Only one stretch of the records below is wanted: the lines from the one holding "Denimlicious Black &" through the one holding "2024 Bahar Yeni". Return it exactly, both ends included.

START TASK INPUT

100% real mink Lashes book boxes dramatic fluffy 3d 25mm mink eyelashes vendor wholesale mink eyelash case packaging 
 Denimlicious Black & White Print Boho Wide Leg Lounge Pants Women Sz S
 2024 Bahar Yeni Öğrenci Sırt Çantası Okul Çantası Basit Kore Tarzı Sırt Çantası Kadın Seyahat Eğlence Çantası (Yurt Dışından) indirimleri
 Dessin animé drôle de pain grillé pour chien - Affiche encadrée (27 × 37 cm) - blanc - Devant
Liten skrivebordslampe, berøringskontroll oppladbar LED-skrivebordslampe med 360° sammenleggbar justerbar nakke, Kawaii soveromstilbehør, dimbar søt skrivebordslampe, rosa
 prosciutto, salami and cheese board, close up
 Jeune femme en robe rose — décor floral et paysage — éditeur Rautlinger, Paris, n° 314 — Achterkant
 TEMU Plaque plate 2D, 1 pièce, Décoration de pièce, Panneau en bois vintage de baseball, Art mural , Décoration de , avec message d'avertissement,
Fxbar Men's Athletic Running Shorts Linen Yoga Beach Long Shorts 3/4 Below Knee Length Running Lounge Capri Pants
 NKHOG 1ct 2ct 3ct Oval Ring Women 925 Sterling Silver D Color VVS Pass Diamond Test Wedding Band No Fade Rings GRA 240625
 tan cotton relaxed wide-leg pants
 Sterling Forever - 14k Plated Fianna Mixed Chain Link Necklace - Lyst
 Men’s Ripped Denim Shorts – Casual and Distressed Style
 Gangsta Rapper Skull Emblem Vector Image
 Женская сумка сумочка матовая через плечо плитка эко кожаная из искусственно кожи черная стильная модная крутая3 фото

END TASK INPUT

WRITTEN ANSWER
 Denimlicious Black & White Print Boho Wide Leg Lounge Pants Women Sz S
 2024 Bahar Yeni Öğrenci Sırt Çantası Okul Çantası Basit Kore Tarzı Sırt Çantası Kadın Seyahat Eğlence Çantası (Yurt Dışından) indirimleri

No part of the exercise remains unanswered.